One noteworthy observation concerning these results is that the electrostatic map seems to work fairly well for a situation with point charges from protein atoms only (and not solvent). Because the map was parameterized for NMAD in three solvents (and therefore did not include any electric fields from protein point charges in the parameterization), it was not entirely obvious that the map would work well for the GROMOS protein point charges (although we have accumulated a reasonable body of work suggesting that it does^14,31–33). We note, however, that in work not presented here, we found the map to work poorly when using point charges from the CHARMM force field,⁸⁸ indicating that it is important to use a map with the force field for which it was parameterized. (The protein force field may affect the electric field map parameters through the sampling of NMAD/solvent conformations, or through the different solvent models required for different force fields.)

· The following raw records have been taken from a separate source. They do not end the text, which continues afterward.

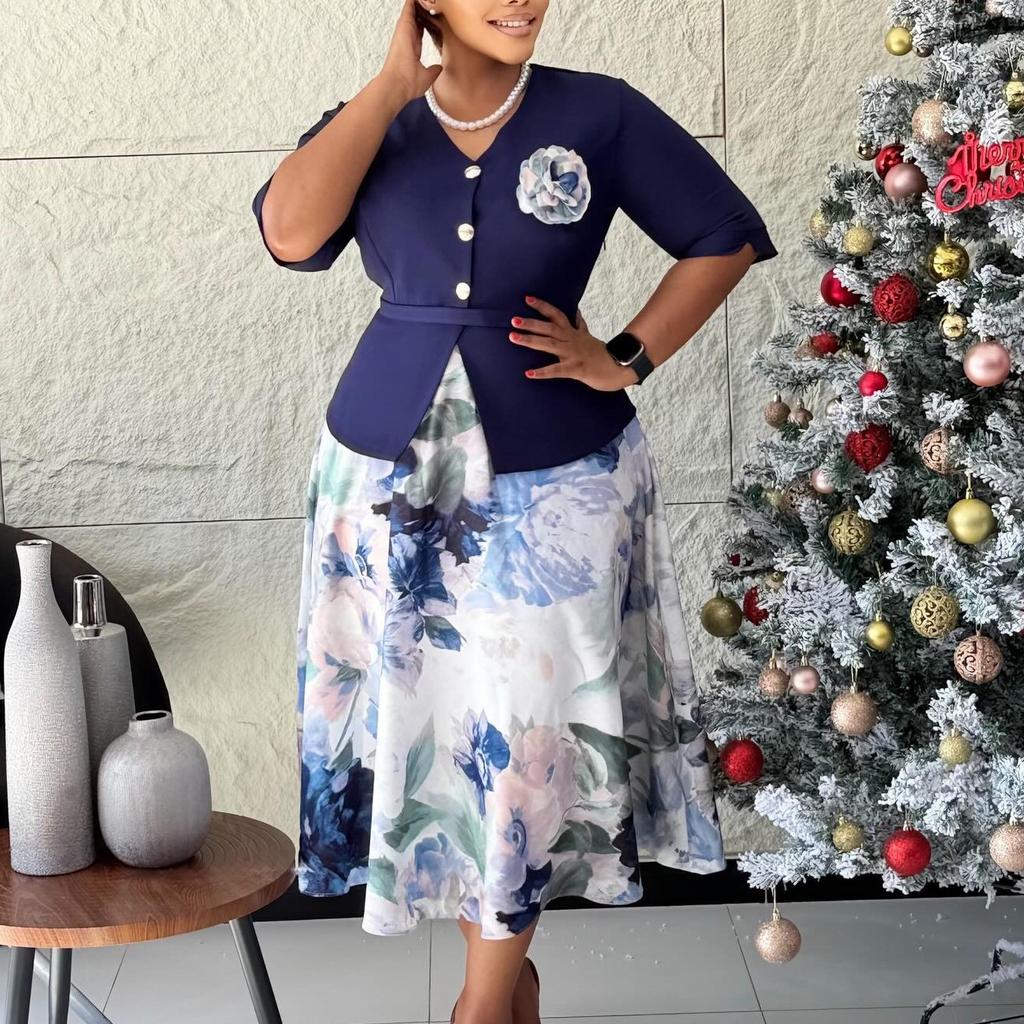 D630 African Women's Clothing European and American Cross-border Summer Fashion Temperament Printed Splicing Five-quarter Sleeve Fake Two-piece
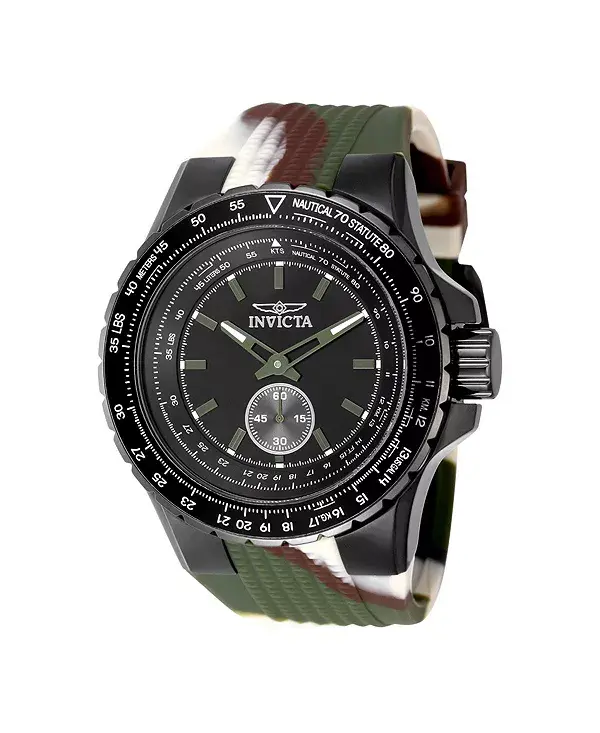 

Мужские кварцевые многофункциональные часы-авиаторы 49320 с черным циферблатом Invicta, green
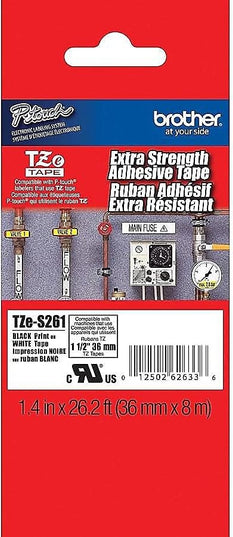 Brother Laminated Extra-Strength Black on White 1 1/2 Inch Tape in Retail Packaging (TZeS261)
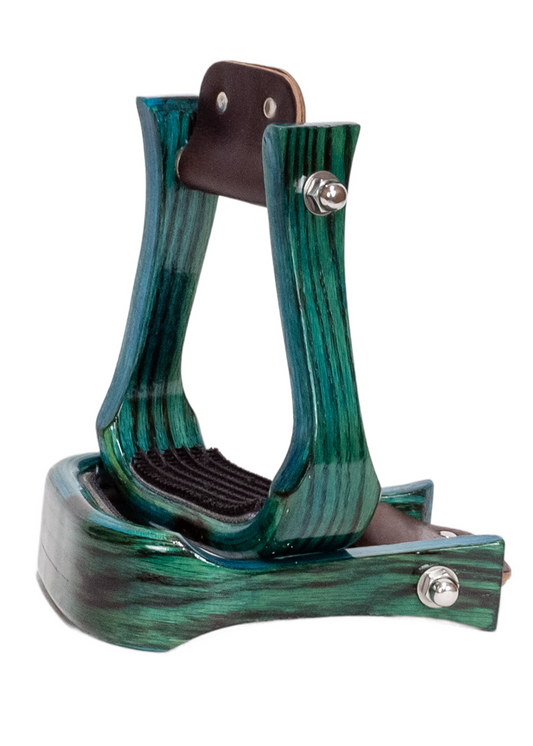2" Teal Wooden Barrel Stirrup w/ Rubber Grip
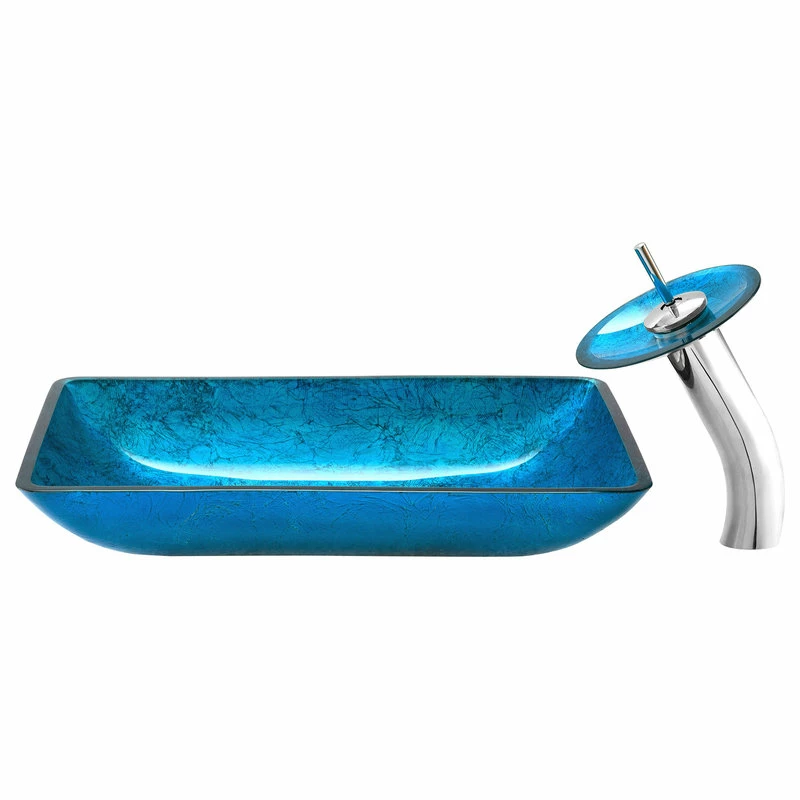 Swiss Madison Cascade Rectangular Glass Vessel Sink With Faucet, Ocean Blue 2 Swiss Madison Cascade Rectangular Glass Vessel Sink With Faucet, Ocean Blue - Image 2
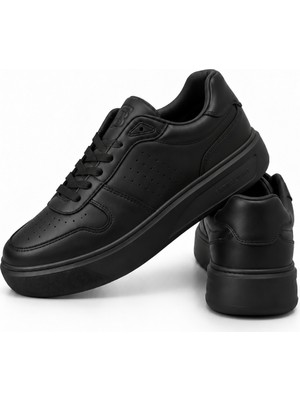 Tonny Black Erkek Siyah Rahat Kalıp Deri Detaylı Bağcıklı Sneaker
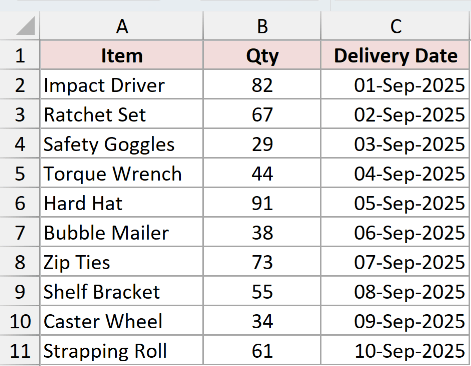 The date series filled one day at a time from 01-Sep-2025 down to 10-Sep-2025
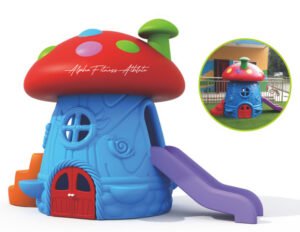 Mushroom Playhouse with Slide for Kids – Outdoor Plastic Play House – PSC-003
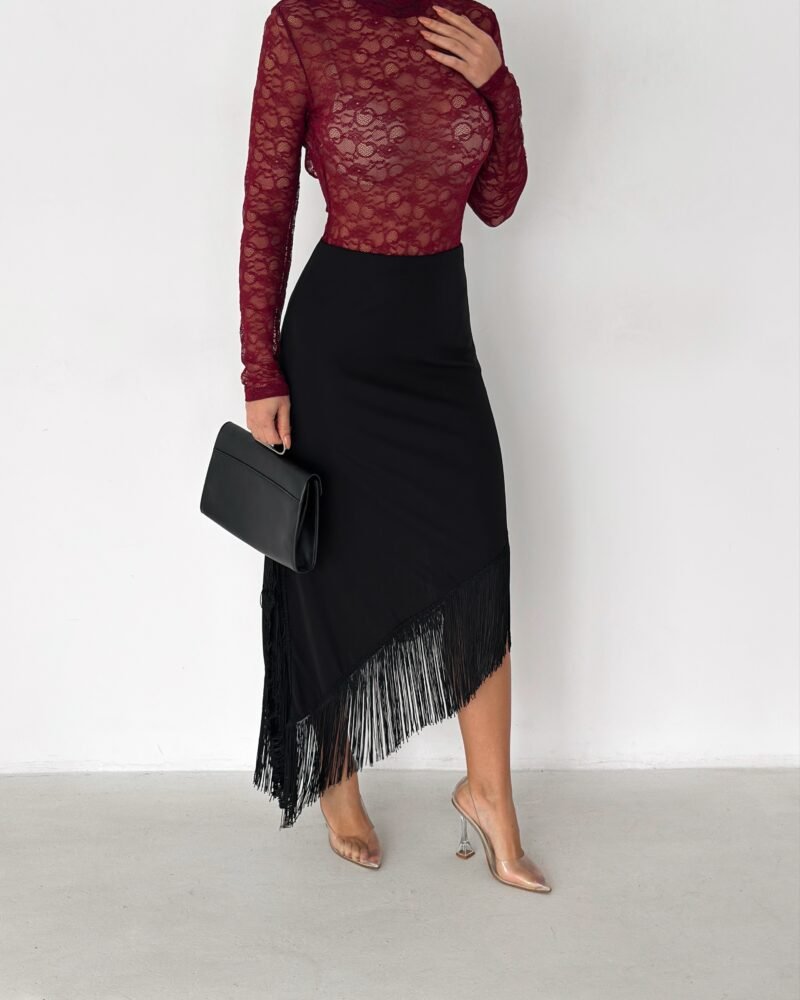 Fringe Elegance Midi Skirt - Black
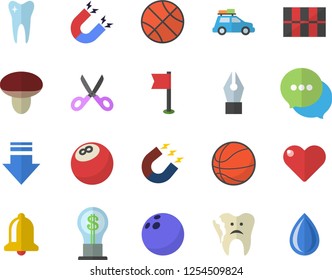 Color flat icon set tile flat vector, scissors, mushroom, magnet, idea, chat, tooth, broken, ink pen, bowling ball, basketball, sports flag, car fector, bell, download, heart, drop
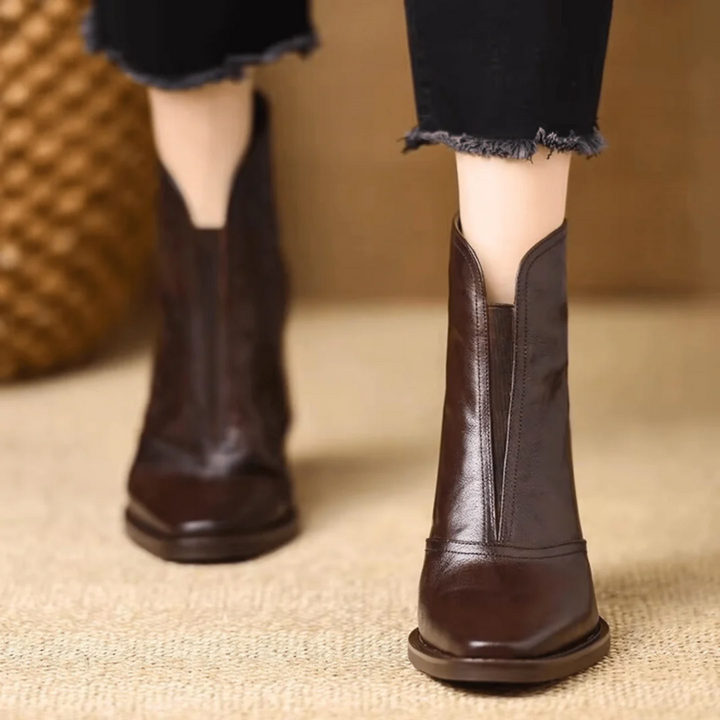 Women's Block Heel Ankle Boots with V-Cut Front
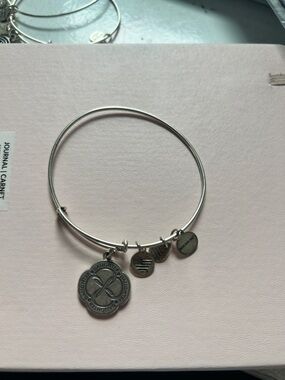 Alex and Ani Silver-tone Expandable Daughter Charm Bangle
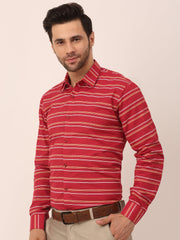 Indian Needle Men's Cotton Striped Formal Shirts-SF-820Maroon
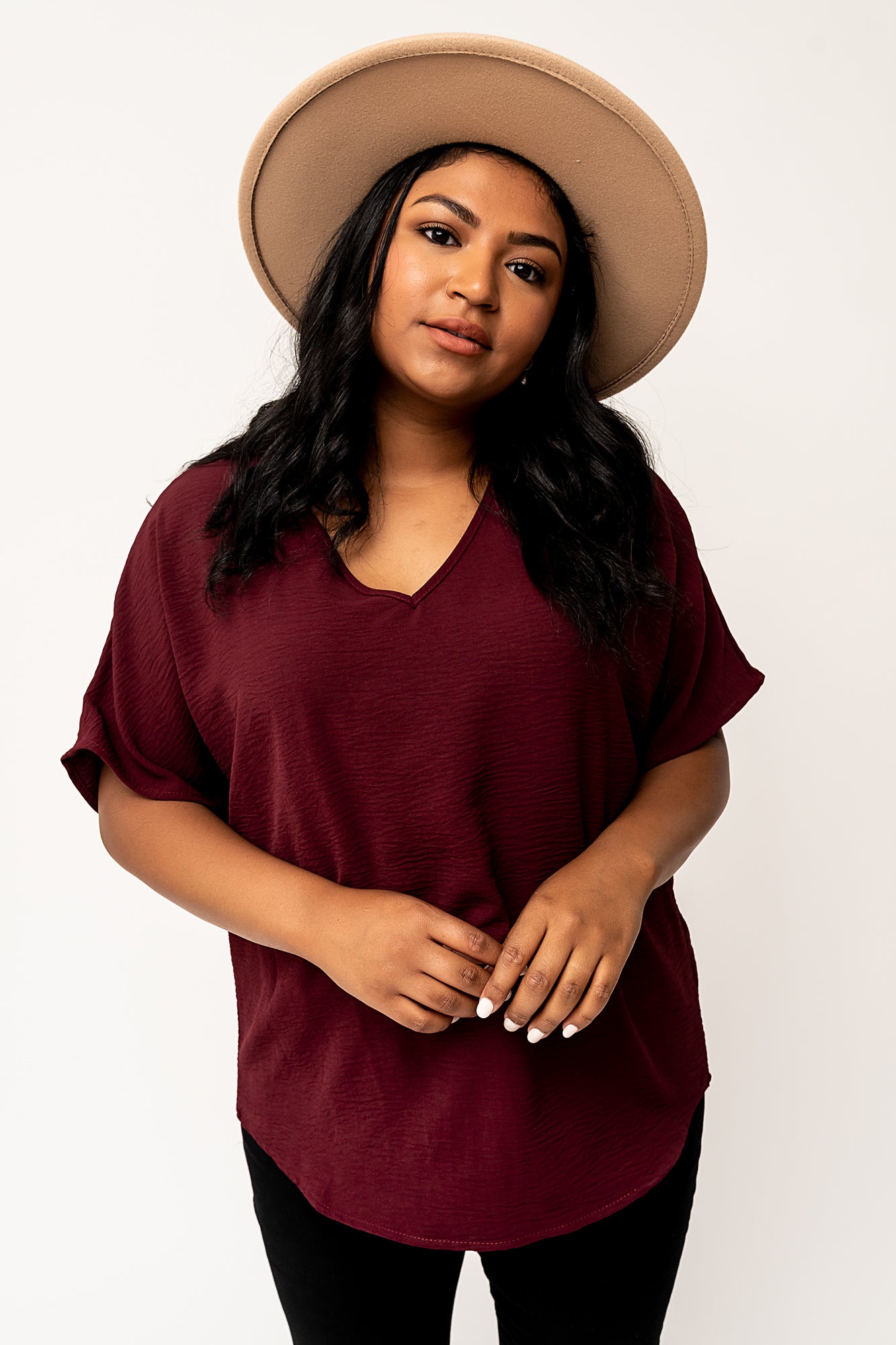 Haven Blouse in Wine Clothing Holley Girl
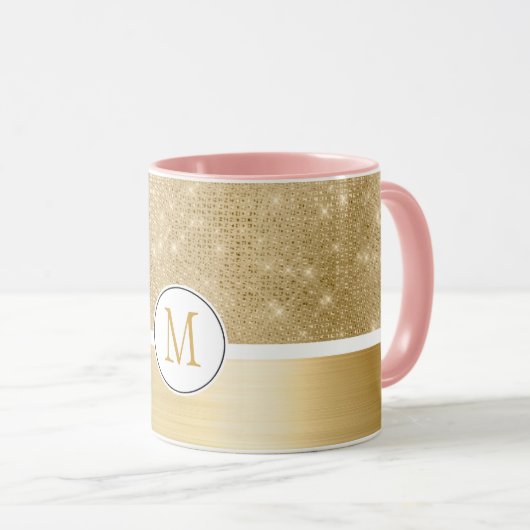 Mug Monogramme d'étincelle dorée (Devant droit)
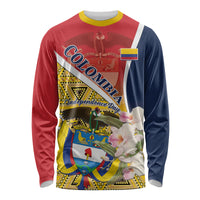 Colombia Independence Day Long Sleeve Shirt Libertad y Orden Colombian Pattern - Wonder Print Shop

In summary, although there is certainly more work to be done, the present results indicate that the error intrinsic to the frequency and coupling maps is quite small (a few cm⁻¹) in most cases, assuming that solvation conditions are properly accounted for. (Recall that it was necessary to shift the zero-field intercept of the frequency map from 1684 cm⁻¹, the original parameter for a well-solvated peptide,¹⁴ to 1717 cm⁻¹, the appropriate value for a gas-phase peptide.⁷⁴) Although we have only examined an α-helical structure in this work, our similar results for a β-sheet structure in a previous study³³ suggest that this result may be general for a variety of secondary structures. Accordingly, to the extent that larger errors are seen when comparing experimental and theoretical spectra for more complex systems, it is likely that improper configurational sampling (possibly due to inadequate force fields) is to blame, rather than the effectiveness of the maps.